Reproduce the listing that follows character for character, excluding its pictures.

● **RECORDED INFORMATION**:
================================
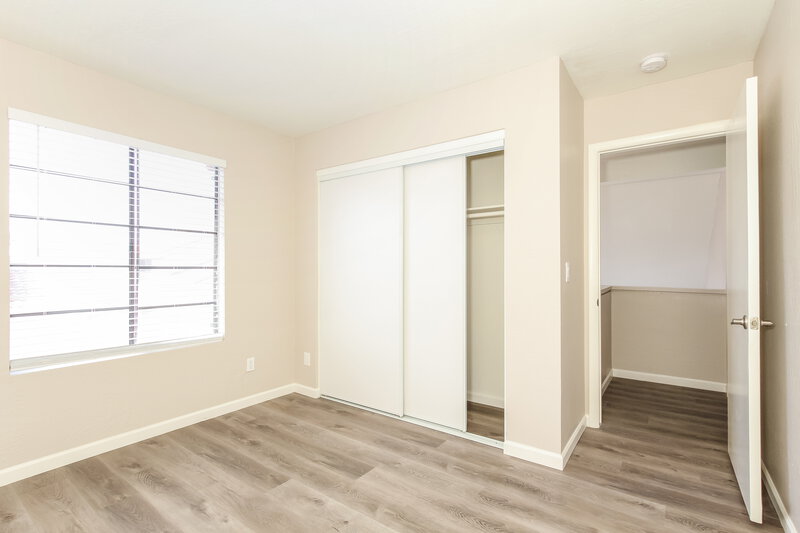 2,555/Mo, 4546 E Villa Theresa Dr Phoenix, AZ 85032 Bedroom View 2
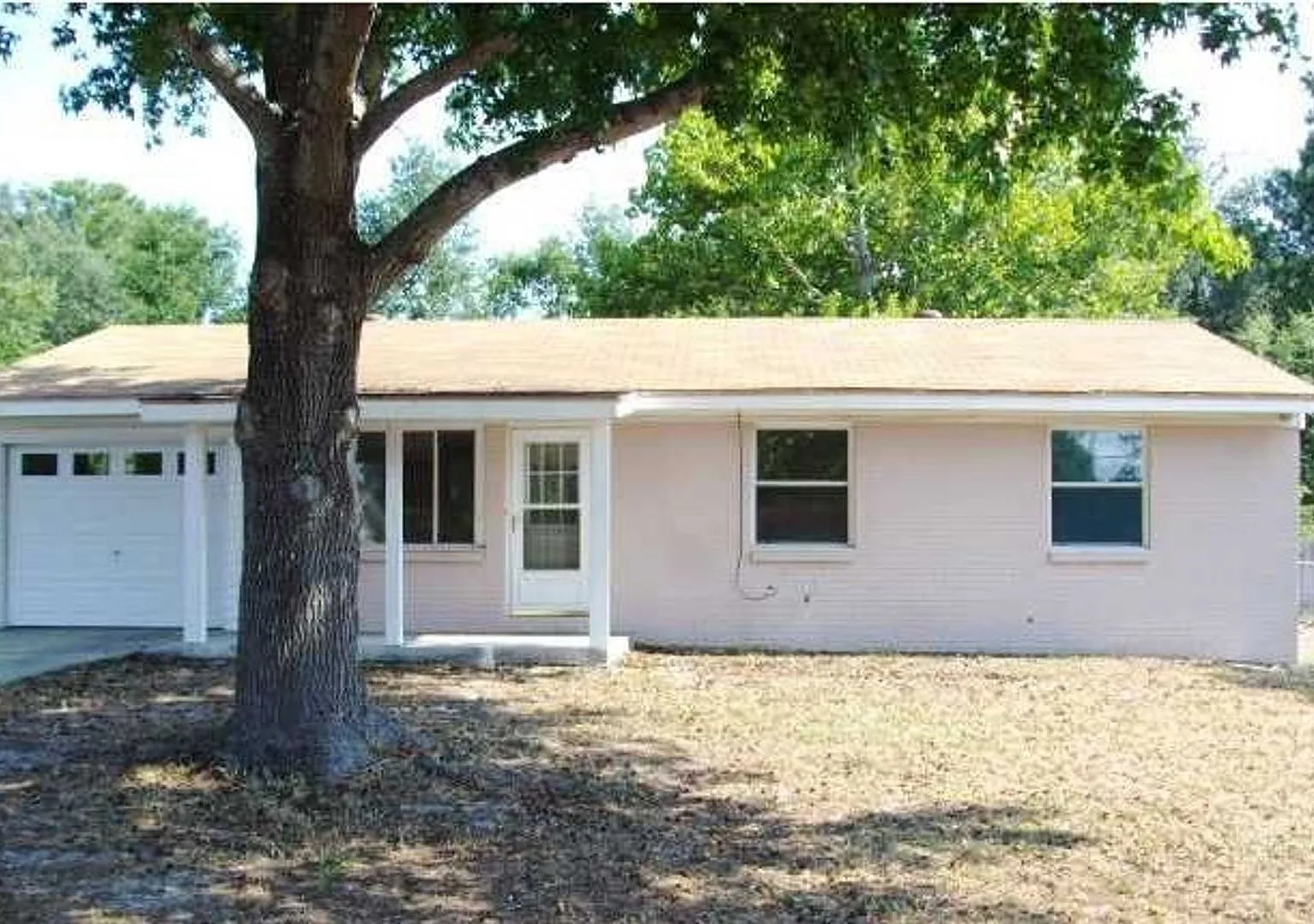 3-Bedroom/ 1.5-Bath - Delightful Home in Fort Walton Beach - Great Location "A Must-See Home" — Photo 1
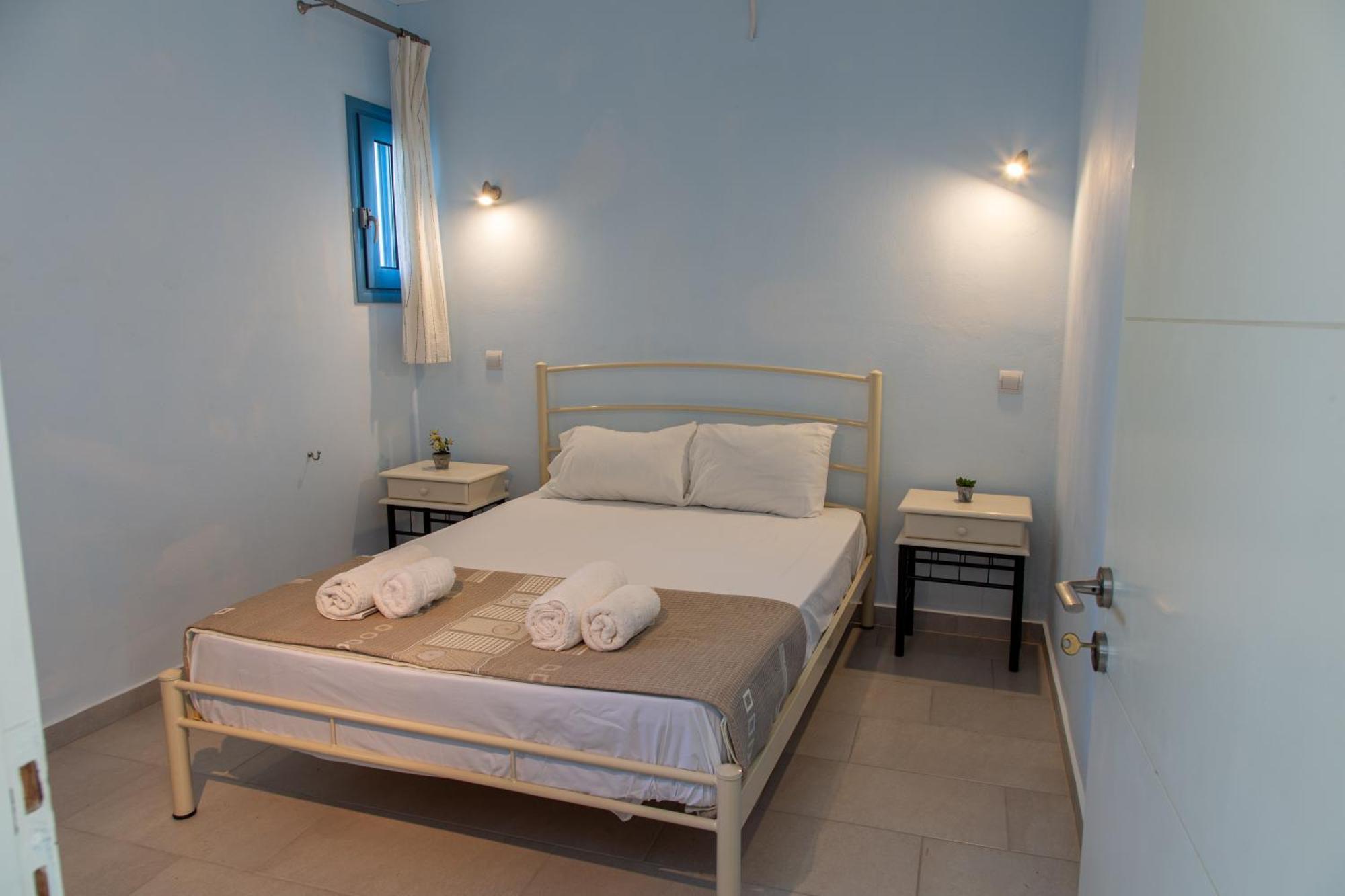 Romanos Xi Apartament Xi Beach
================================
● **RESULT**:
 2,555/Mo, 4546 E Villa Theresa Dr Phoenix, AZ 85032 Bedroom View 2
 3-Bedroom/ 1.5-Bath - Delightful Home in Fort Walton Beach - Great Location "A Must-See Home" — Photo 1
 Romanos Xi Apartament Xi Beach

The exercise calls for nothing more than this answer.